A party of roughs recently attempted to trample on the mining laws in Florence in a disputed claim affair when suddenly about 200 resolute men armed with rifles and shotguns came down upon them unawares and immediately put a stop to their malicious designs.
January 31, 1862: A letter from Florence, Salmon River, dated December 22, to the Mountaineer, contains this interesting item:
"Another rich claim has been opened by Messrs. Wilson & Tolly on Summit Flat near town, in which two men with a rocker are averaging from 75 to 100 ounces per day. Warren & Co., are also doing well about 50 yards from here, making about $100 to $500 per day to the man and others doing nearly as well. Claims that pay from $20 to $50 per day to the man sell for $300 to $500. Flour is selling at from 50 to 75 cents; bacon, 75 cents to $1, and good supply on hand. Weather very cold, and tonight snow is falling fast; it is now about two and one-half feet deep. Yet pack trains are arriving daily and there is no fear of scarcity of provisions this Winter."
Mr. Wiser of Yamhill, is a successful miner. Last Fall with two others, he purchased a gold claim on the Salmon river, for which the company agreed to pay $6,000. They worked the claim two months, and his part of the gains was $12,000. He left the claim with his partners, who will work it this Winter, if they can, and at any rate keep off trespassers. He estimates that the claim will be worth to each of the partners at least $100,000.
From Mr. L. Day, Tracy & Co.'s express messenger, who arrived last night on the Julia, we learn that he brought $30,000 in gold dust; also that news had been received from Powder River that diggings had been struck at that locality paying from 10 to 20 ounces per day to the hand, and that the gold is very coarse, much resembling the California stock.

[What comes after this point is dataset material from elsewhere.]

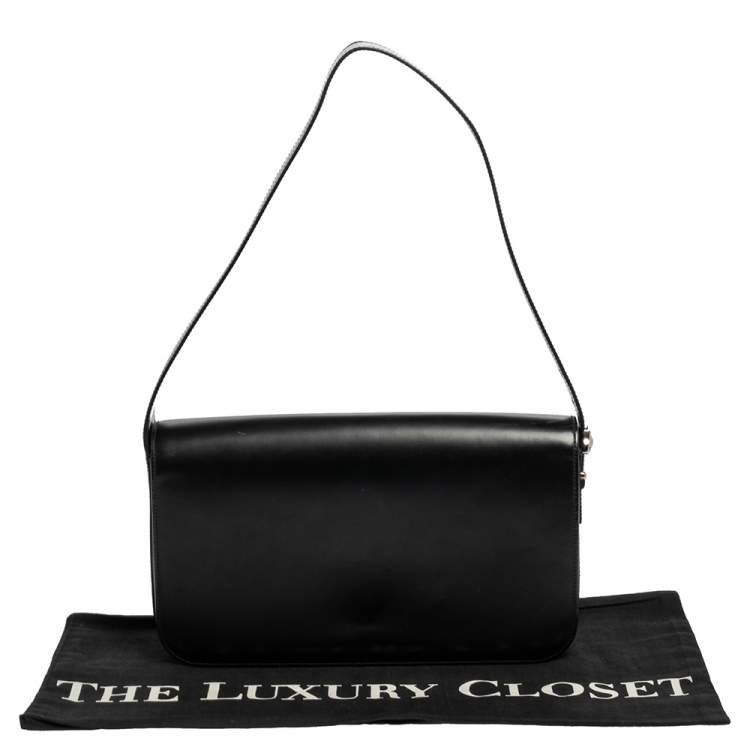 مملوكة مسبقًا Cartier Black Leather Baguette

The Dalles, February 6, 1862.
"Mr. Jones arrived yesterday with the express all right. Seven men arrived last evening from Walla Walla, part of them with feet badly frozen. They left Mr. Brown of Walla Walla on the road between John Day's and the Deschutes, exhausted. They buried him alive in the snow, but with both feet frozen. Messrs. Palmer and Hatchet went from Deschutes to his assistance, but returned last evening without find [sic] him. Brown had about 30 pounds of gold dust with him. The party left William Albright at John Day's with 450 express letters and 70 pounds of dust.
Mr. Jones left here this evening with two men to bring the express through and if possible, to find and bring in Mr. Brown. This man is of the firm of Brown & Stanifore.
"A party arrived this evening from Grande Ronde. One of them found Brown on the road and slept with him all night [4th] left him at 10 A.M., [5th] buried in the snow and alive, but unable to use his feet at all. There are reports of others frozen on the road, but none definite. No snow in Grande Ronde Valley. Frozen men all doing well. Moody will have all the toes of his right foot taken off tomorrow by Dr. H.L. Roberts."
Mr. Schriver, from the Grande Ronde, as late as the 12th of January, brings a letter from which are made these extracts:
"All the settlers in here now live at one place, for protection from the Snakes. There are five log houses here, ten men, two women, and eight children, who comprise all the actual settlers in the valley. Ten or twelve men are wintering at the Powder River mines, to be ready for operations in the Spring. I have seen good prospects from there. Mr. Coffin, of Portland is going to build a mill here. They have got the millsite taken up and some improvements on it."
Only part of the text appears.